CHARLESTON, W.Va. -- Clean it up now and you'll be a happy gardener in the spring. That's what I've said every fall, and this year I seem to be ahead of the game. Maybe it's that empty nest.
Here's a short list of four garden chores (all starting with C -- how convenient!) that will make your spring garden a much nicer place.
Dead plants and small piles of garden waste are great hiding places for bad bugs. Clean them up, tossing them onto the compost pile, roots and all.
Store your tomato cages and clean out those decorative pots, putting them in a safe place away from the elements, if possible.
Rinse hand tools, dry thoroughly, and apply a light coat of oil to all metal parts. Store them off the ground and away from the elements. Check the blades and sharpen or replace them.
Hone and maintain the sharp edge of all cutting tools with a medium-grit sharpening stone. Most digging tools aren't sold sharpened, so you should sharpen them from the start. File the working edge to a 45-degree bevel with a coarse file, according to the experts at True Value. They also recommend wiping a dry handle down with a heavy coat of linseed oil at the end of the season to rejuvenate and protect the wood over the winter months.
Remove the fuel from your mowers, trimmers and chain saws before storing. Don't just dump it -- run the motor until it runs out of gas. Remove the batteries from your riding mowers and tractors.
Check the pH of your soil. John Porter, WVU/Kanawha County extension agent, has a deal for you!

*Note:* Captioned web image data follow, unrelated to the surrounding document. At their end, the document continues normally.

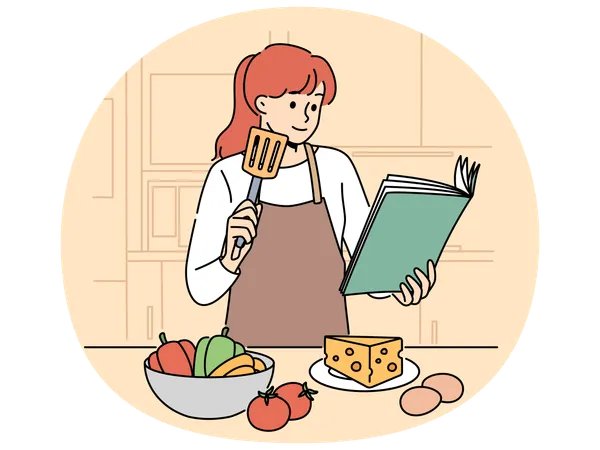 Mulher com livro de receitas está na cozinha querendo preparar um jantar delicioso e vegetais  Ilustração
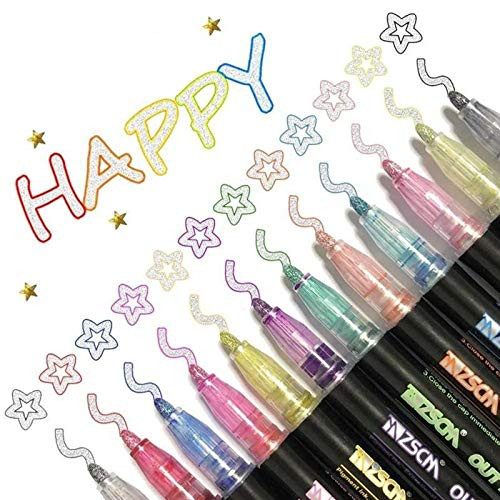 Double Line Outline Pens,Marker Pen for Highlight,12 Colors Self-Outline Metallic Markers Glitter Writing Drawing Doodle Dazzle Pens for Art, Drawing, Greeting Cards, Craft Projects, Posters, Painting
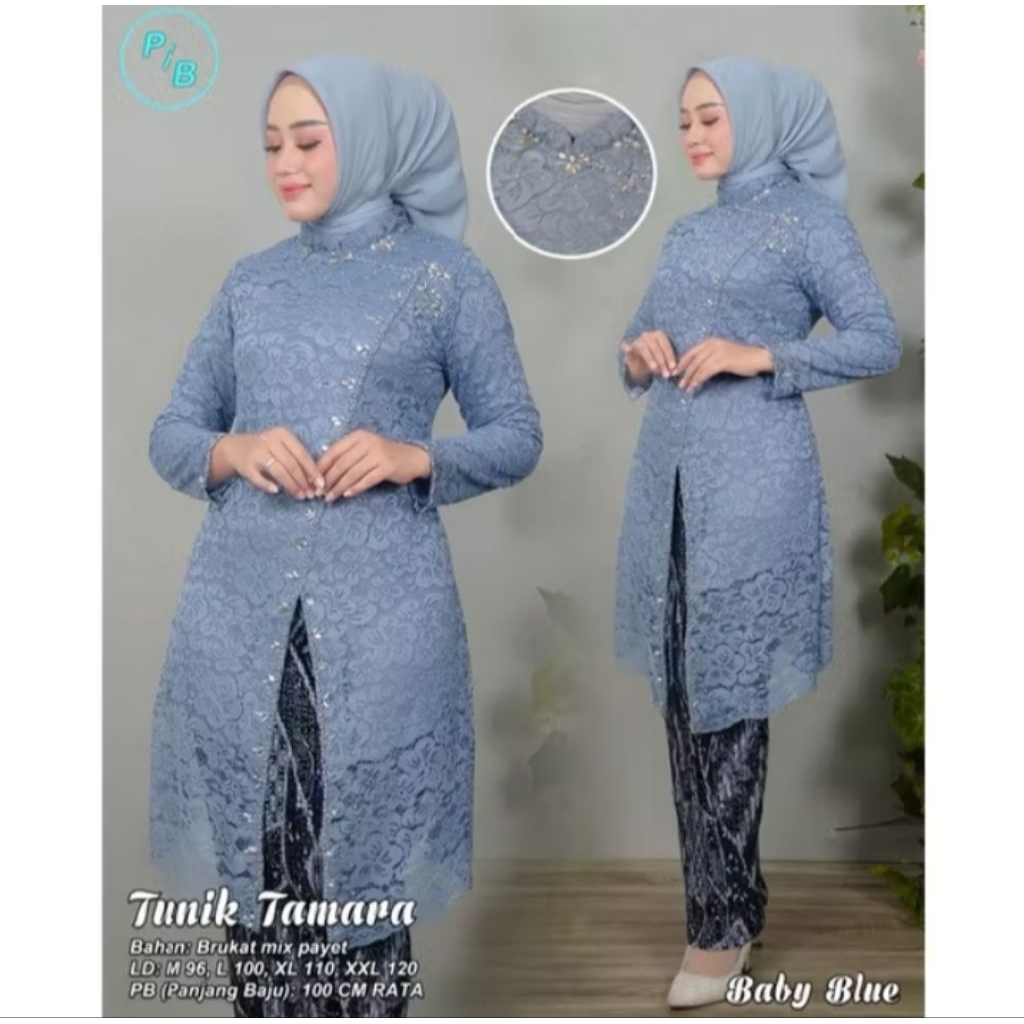 Setelan Tunik Brukat Payet Tamara Set Rok Plisket Batik Baju Kondangan Modern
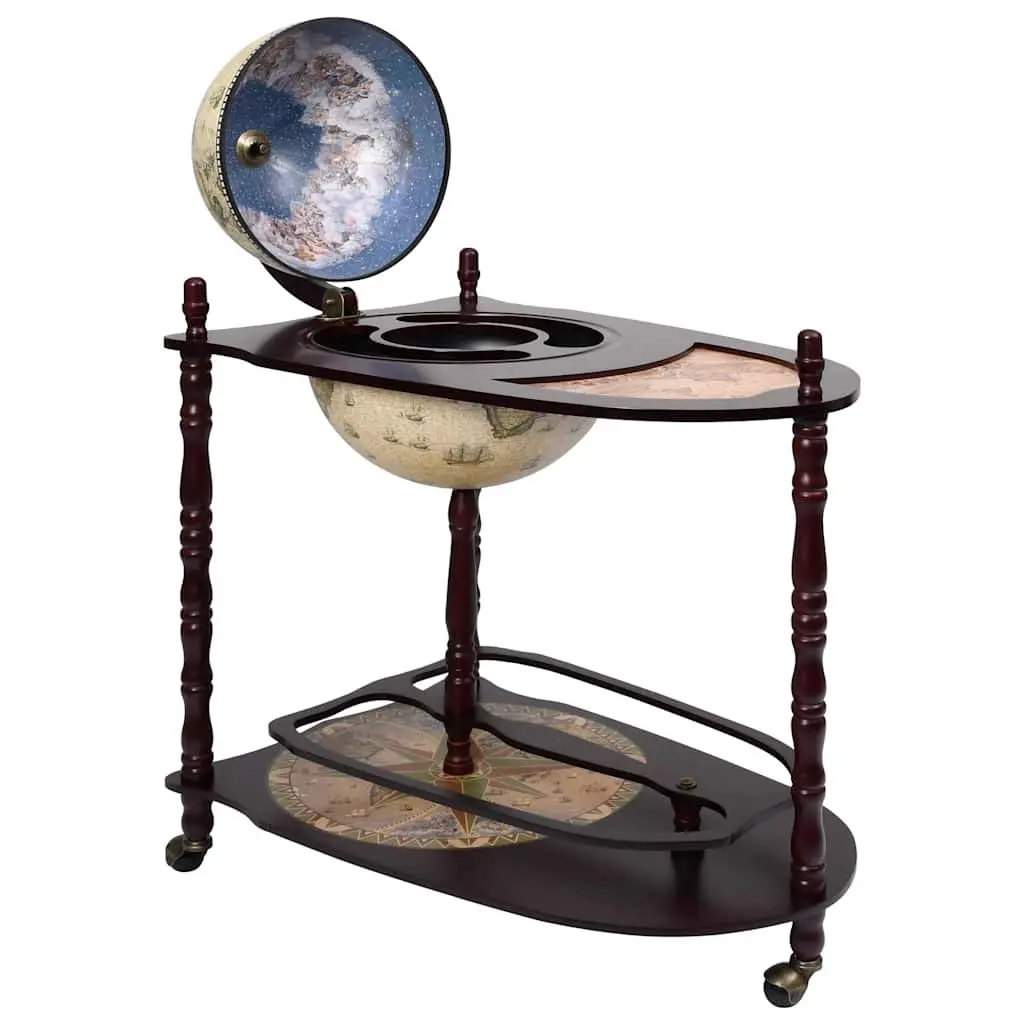 Freestanding Globe Bar Cabinet with Table and Wheels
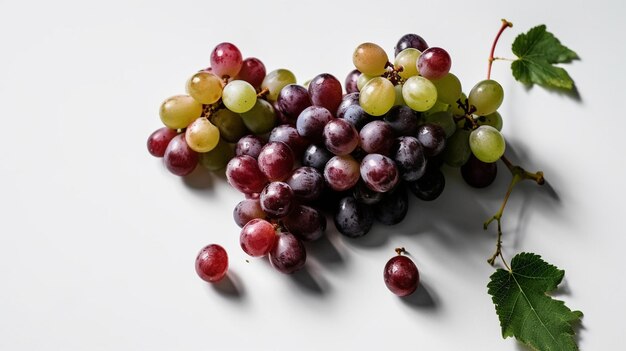 Grapes on a white table with green leaves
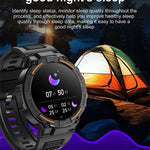Smartwatch Military Men 360*360 HD Screen Flashlight Health Monitoring Waterproof Heart Rate BT Call Smart Watch For Android IOS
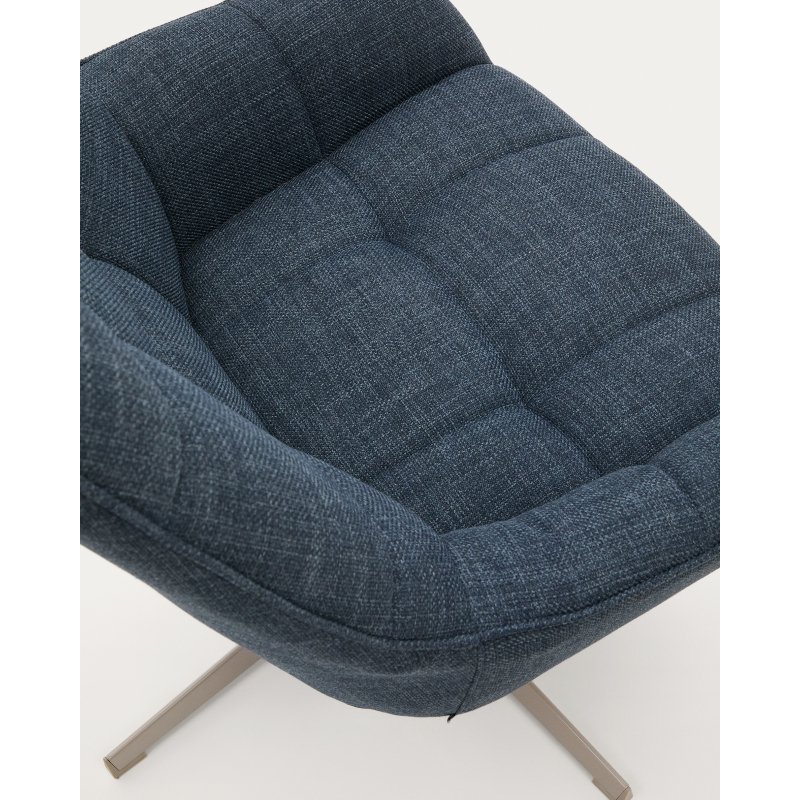 Fauteuil pivotant Jaspe bleu et métal gris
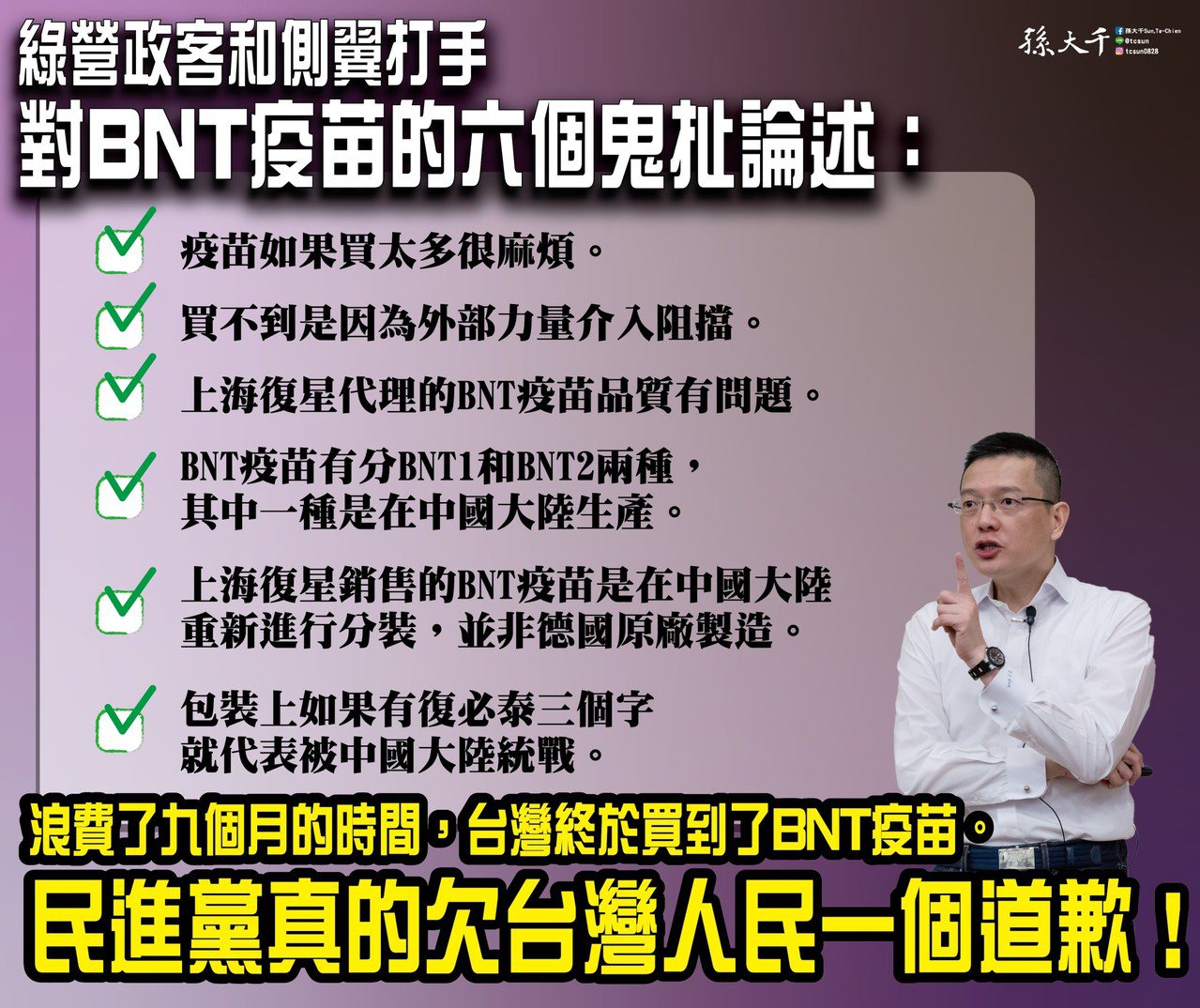 孫大千今在臉書表示，民進黨政府在取得BNT疫苗過程，真的欠台灣人民一個道歉。圖／取自孫大千臉書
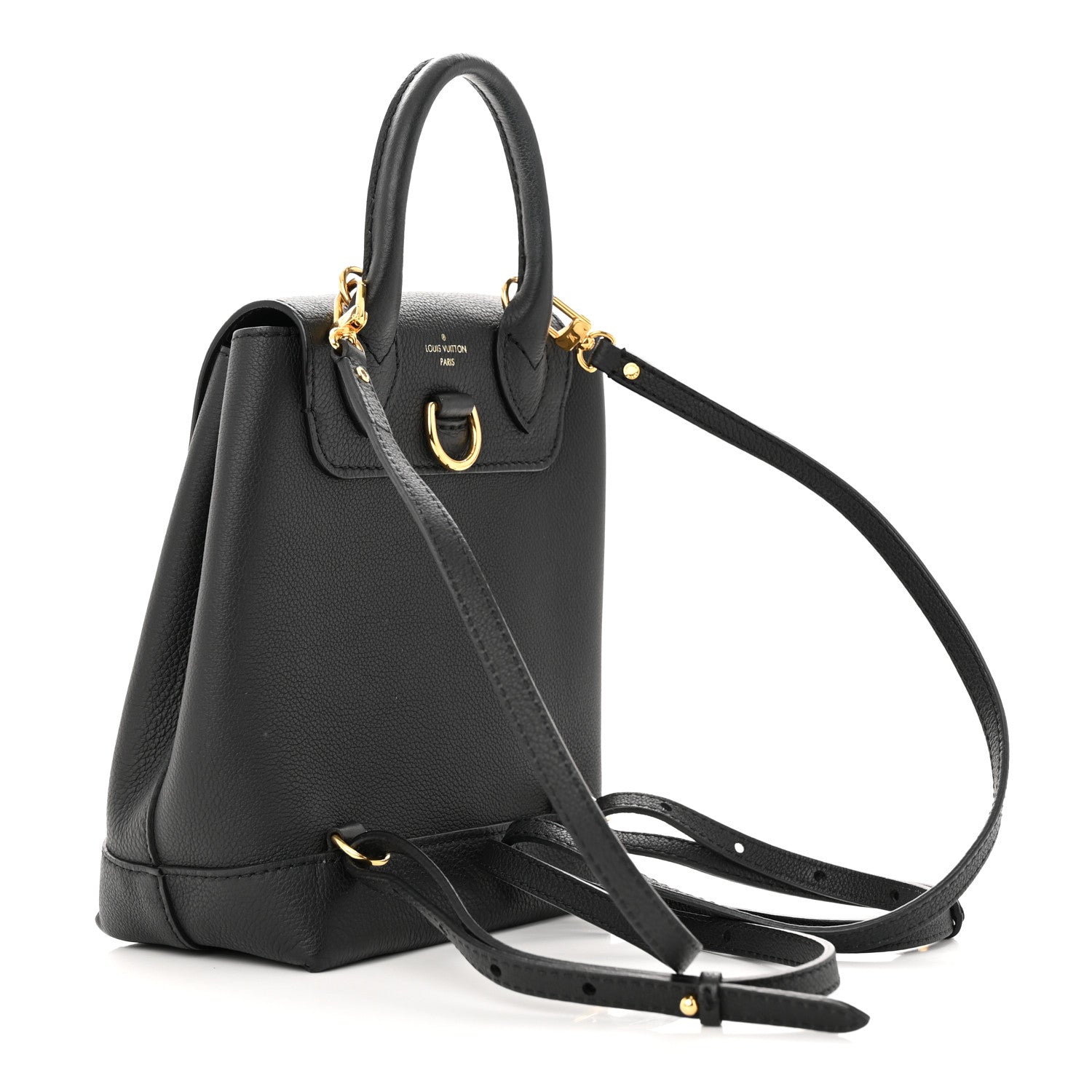 Louis Vuitton Calfskin Lockme Mini Backpack Black 3 of 13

"Folks can either stop by the office and pick up a packet with the information and a mailer envelope or they can visit our website and print off the appropriate paperwork and get instructions there. The soil testing page (with links to a how-to video) is at http://kanawha.ext.wvu.edu/agriculture/soiltest
"To encourage folks to get their soil tests done in the fall, which is the correct time of year to sample, I will make the following offer: I will accept soil samples at the extension office until Sept. 26 and will transport them to the lab free of charge," Porter said. He offers these basic steps for soil testing:
Collect multiple small samples from throughout the sample area (about eight or 10 for a good-size yard is appropriate). The sample should be from the level of the soil where you expect the roots to grow. Collect lawn/pasture samples in the 2- to 3-inch area below the surface and garden samples from the 6- to 8-inch area.
Remove all organic and foreign matter from the sample.
Mix all of the samples together in a clean, nonmetallic container and allow to air-dry. Do not heat the sample, as this may affect results.
After drying, place about 1/2 cup of the mixture into a new, clean, sealable bag.
Complete the soil sample questionnaire as thoroughly as possible. Include one for each sample. If multiple samples are sent, you may want to fill out the name and address field and make copies, then fill in sample specific information.
Place the bag and form in the envelope provided by the extension service or in a padded envelope or box and send to the lab address on the form.
If sending more than one sample, postage is probably cheaper if you put all of your samples in a large padded envelope or box. Several samples may fit in a flat-rate Priority Mail box. You can split the shipping cost by having friends and neighbors take samples, too.
Samples should be dry when they are sent. Wet samples have to be air-dried at the lab, which causes delays.
Deliver samples to Porter at the WVU/Kanawha County Extension Service, 4700 MacCorkle Ave. SE., suite 101, room 103, Charleston, WV 25304. Contact Porter at 304-720-9573 or John.Porter@mail.wvu.edu
I asked Porter about the accuracy of the test kits available at garden centers.
"They may be able to give you an overall, basic evaluation of soil nutrients, but they are not as accurate as the lab tests. Since there are so many brands and types available, it is impossible to speak as to their individual accuracy.
"The benefit of getting a soil test through WVU Extension Service, which is free for all West Virginia citizens, is that it provides specific nutrient amendment application rates per 1,000 square feet (or per acre for farms), which the home test kits do not offer," he said.
Spread an inch or two of compost over your whole garden. If you don't have enough of your own, buy some from the garden center. Scratch it into the top couple of inches of soil.
Some gardeners say this isn't an effective use of compost, but when time is limited, it helps more than it hurts.
A good fall cover for your gardens will keep that soil from blowing away, and will protect any tender plants from spring freeze and thaw. An inch or two of clean straw is a good solution. Bags of chopped straw are easier to apply than regular straw bales -- wet them down to keep them from blowing away. When it starts to warm in the spring, make sure to remove this layer of protection.
Some gardeners add a fall layer of mulch to their decorative beds, blanketing them in for winter.
Last week, we featured a photo of the old A&W Root Beer stand in a note about a garden event happening at Forren Soil, located on the site of the old restaurant. I received an email from Jerry Waters, who hand-colored the photo and has it on his website, www.mywvhome.com
. Thanks for the information, Jerry!